Hoy es el Día Internacional de la Libertad de Expresión. Esos días siempre los he repudiado porque suenan a marginación o a comercio (el Día de la Mujer Trabajadora, por ejemplo, para que nos acordemos, por lo menos, una vez al año de ellas, y el Día del Padre para vender corbatas); pero si la Prensa quiere recordar una vez al año que la libertad de expresión es una utopía, está en su derecho.
A mí lo que me preocupa es que hablamos de esa carencia de forma macroscópica; es decir: planteando que en Afganistán han matado a algunos periodistas y eso, por supuesto, es un ataque a la libertad de expresión; mientras se olvida lo doméstico, lo cercano: lo de aquí.
No quiero ponerme pesado, pero cuento mi caso porque es el que mejor conozco y no caben errores en él: yo escribí en un artículo que no me creía que el Nazareno hubiera quitado la peste o lo que fuera que atacó a Cádiz, y me tuve que despedir como articulista del Diario de Cádiz. Pero don Fernando Santiago, que es el abanderado de la libertad de expresión en Cádiz, dijo, con razón, que el Diario es una empresa privada y admite a quien quiera.

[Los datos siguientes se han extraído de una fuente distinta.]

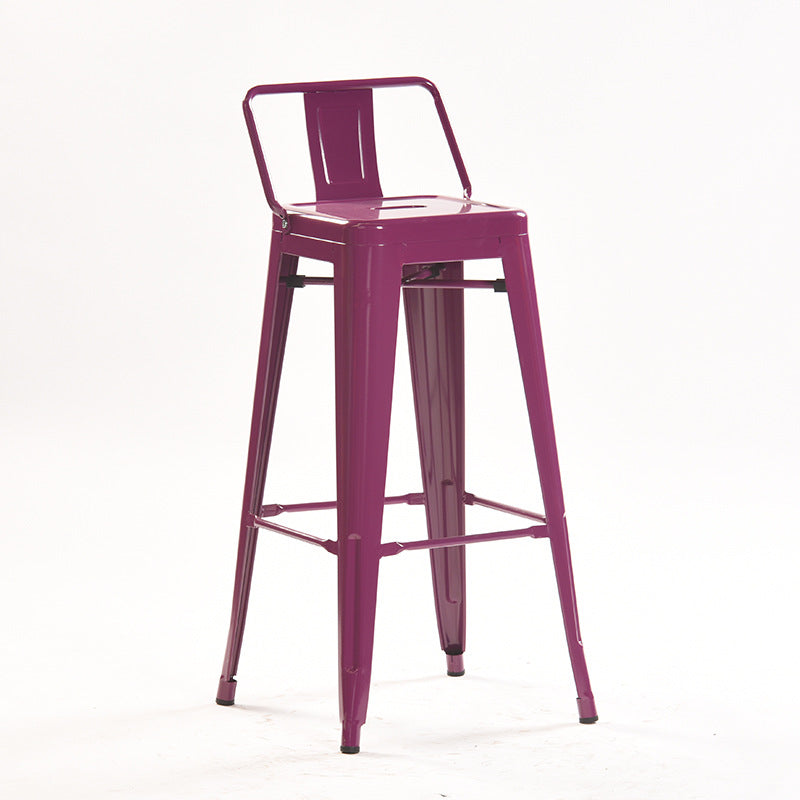 Industrial Style Metal Bar-stool Square Iron Seat Counter Stool for Kitchen Bar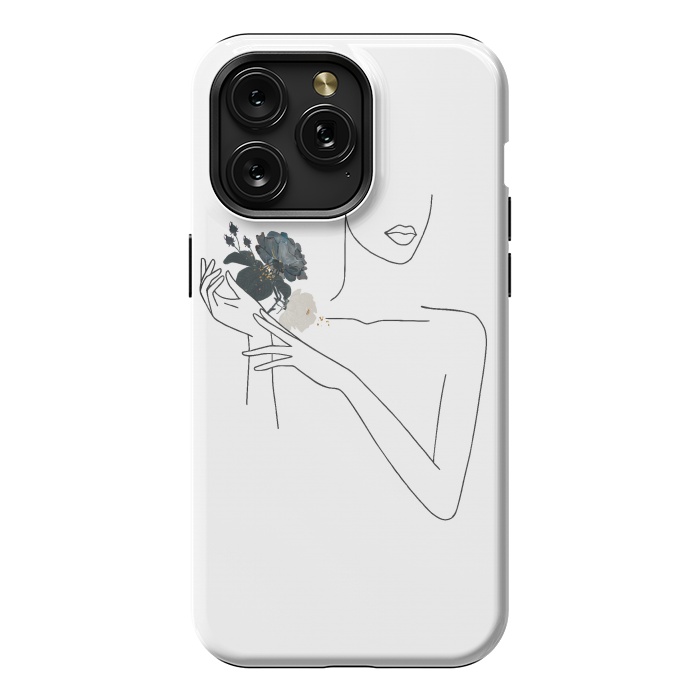 iPhone 15 Pro Max StrongFit Lineart Girl With Black Flowers by DaDo ART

Basado en eso ¿No podría decir lo mismo el presidente de Afganistán? “Oiga, esto es un país privado y soberano y yo hago aquí lo que me dé la gana; y a los chivatos me los cargo; si no, que no vengan que yo no he llamado a nadie”. Sería duro, ¿verdad? Pues los dos casos son duros; y si a un fotógrafo lo pueden matar de un disparo, a un articulista le pueden arruinar su vida en su propia ciudad y sin defensa.
No es que no haya que luchar por la libertad de expresión; es que hay que hacerlo de abajo a arriba escalón a escalón: primero lo pequeño sin olvidar, por supuesto, lo sonoro y mediático.